While he acknowledges the things he managed to accomplish, one shortfall he states was the inability to help retain diverse students at Iowa State who experienced hardships in their experiences here.

“I think we have a lot of students that come to Iowa State and then sometimes don’t have the support they need psychologically, emotionally academically [or] financially to stay,” Neely said. “I would say some people are just like completely fed up with their experience and based upon the ways that our administration moves or their experiences that they have with students that don’t look like them and how they’re treated.”

Wishing he could have done more in that realm to help students stay and find their place at Iowa State, Neely could have worked endlessly, but never be able to fix the issues that these students faced.

“I think a lot of what happened, especially during the 2016 elections really exposed our culture and also I feel how people didn’t feel like they were protected,” Neely said.

Despite shortcomings, nothing has ever stopped Neely from moving forward.
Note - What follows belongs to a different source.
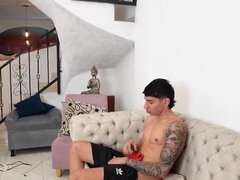 Testes gyönyörű hölgy, Monumentális dákó, Tekintélyes didik, Cumizás, Hd, Latin lány, Természetes, Mostoha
After receiving his B.S. at Iowa State, he went on to attend graduate school at Syracuse University studying media before coming back to Iowa State to transition into the Greenlee’s Journalism and Mass Communications studies M.A. program, with his focus on #BlackBoyJoy in “how it reshapes Black masculinity and manhood within media and sociality.”

Not stopping there, Neely remains busy with his work as a project coordinator at Flynn Wright, serves on the DSM USA Equity Task Force with city councilperson Renee Hardman to work on action plans made to better the community and the Future Forward committee and the director at the Supply Hive.

While doing a lot for others, Neely still takes time for himself, currently being engaged and working on some entrepreneurial media ventures himself, Neely claims he’s in a transitional phase in his journey.

“We talk about like just the endpoint of that like evolution stage and the different whirlwinds that we can go through throughout that transition,” Neely said. “I think I’m beginning to understand the lessons I’ve learned in the past and highly could possibly lead me into this next chapter. When it comes to leadership, when it comes to networking, when it comes to relationship building, when it comes to understanding my purpose, understanding my role and life in general.”

Life goes on and Neely does not plan to slow down. As he continues to venture out into the world and transitions into new roles, who knows where he may end up? One thing for certain is that Julian Neely is a man that is about serving those who need it most.